Wright was recruited as a driver by UK Express Logistics, a courier company founded with £1 in capital, which provided drivers for Amazon. The pay was £110 a day regardless of how many hours it took to deliver a consignment. “I was shown an online contract on a mobile phone to read and sign at an induction day and it was only when the paperwork came through that I realised I’d committed to working without pay until I’d clocked up £1,500, which they retained as a deposit,” he says. “Drivers had to rent a van from UK Express for £28 a day, payable seven days a week, even though Amazon capped the working week at five days. We were charged three- or four-figure sums for wear and tear that they considered unreasonable and for punctures and minor dents or scratches.”

Wright, who was later promoted to a supervisor role, was paid by UK Express, but worked exclusively from Amazon depots in Plymouth and Exeter and was subject to depot rules. “Drivers would be given an average of 180 parcels to deliver in a day, and had to load them into their vans within 12 minutes,” he says.

“It could take 12 hours or more to deliver all the parcels because addresses were often long distances apart, the satnavs we were given with our route on were unreliable and if someone wasn’t in you had to make a second attempt, which could mean several long detours at the end of a shift. When the Plymouth depot closed, we had to make the 50-minute drive to Exeter at our own expense to collect and return parcels, and if you returned with more than 5% undelivered, whatever the reason, your pay was docked. This is what tempts drivers to leave parcels on doorsteps or in bins.”

Greg Dawson* was also contracted by UK Express Logistics to work for Amazon. “We were promised we could earn over £1,000 a week and pick and choose our hours. The reality was the work sometimes cost us as much as we earned,” he says.

“When the local depot closed, I and other drivers in the area had to set off at 5am to reach the nearest one by 7am, queue up like a prison line, check in, collect our satnavs – which were called Doras – check our routes, find our parcels that had been picked overnight, load them and go back for the ‘oversize’ boxes while constantly being shouted at by stewards.
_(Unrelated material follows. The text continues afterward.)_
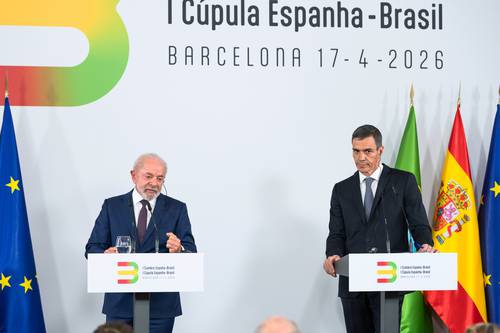 Lula y Pedro Sánchez exigen paz y respeto al multilateralismo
“If we exceeded the 12-minute loading time, we were made to leave the site and wait till 9am to finish off. Sometimes you’d get pulled at the exit by security who would make you empty your van to check you hadn’t ‘stolen’ anything.

Drivers wait to pick up parcels on Black Friday at an Amazon fulfilment centre in Dunstable.



Drivers wait to pick up parcels on Black Friday at an Amazon fulfilment centre in Dunstable. Photograph: Tony Margiocchi/Barcroft Images

“I’d get home at 10pm, fall asleep and start all over again at 5am, and unless you sent a photo of your van from all angles to UK Express every week you wouldn’t get paid. If they saw a scratch your money was docked.”

According to Dawson, the length of the routes and the number of parcels made it impossible to complete the job in a nine hour shift. “Sometimes in country lanes you’d lose signal for your Dora and you’d be lost in the middle of nowhere, peeing into a plastic bottle because there was no chance to take a break,” he says.

After eight months as a driver, Dawson suffered a mental breakdown, which he attributes to the stress of the work.

Nuala Biri* answered an ad for Amazon’s own delivery arm, Amazon Flex, when she was made redundant from her job as a care assistant last year. Flex promises £12-£15 an hour for shifts of between one and four hours. Out of that, drivers have to pay for their own vehicle, fuel and expenses, including tolls and congestion charges. Biri says her net pay amounts to £150 a week on average and she has to rely on her family to pay her bills.

“It’s a zero hours contract and when a shift is posted on the app, every driver in the area is also looking at it so it’s just chance whether you get work,” she says. “Some people get their children to be on the app from 7am looking out for jobs while they are doing something else so they don’t miss out.”

Although shifts are advertised as a maximum of four hours, she claims they can take longer as the number of parcels and length of the routes are increasing. Flex drivers are paid overtime, but this year, she says, it was halved to £6.50 an hour which, when fuel and tolls are factored in, can mean working at a loss.

The GMB argues the drivers are legally employees because of the terms of their contracts and should therefore be entitled employment benefits such as paid sick and holiday leave.

Last year, UK Express Logistics and its sister company UK Express Delivery settled out of court as the union brought a case demanding employment rights on behalf of a group of drivers contracted to deliver Amazon parcels. “Amazon relies on zero-hours contracts to avoid employer costs and responsibilities,” says GMB national officer Mick Rix.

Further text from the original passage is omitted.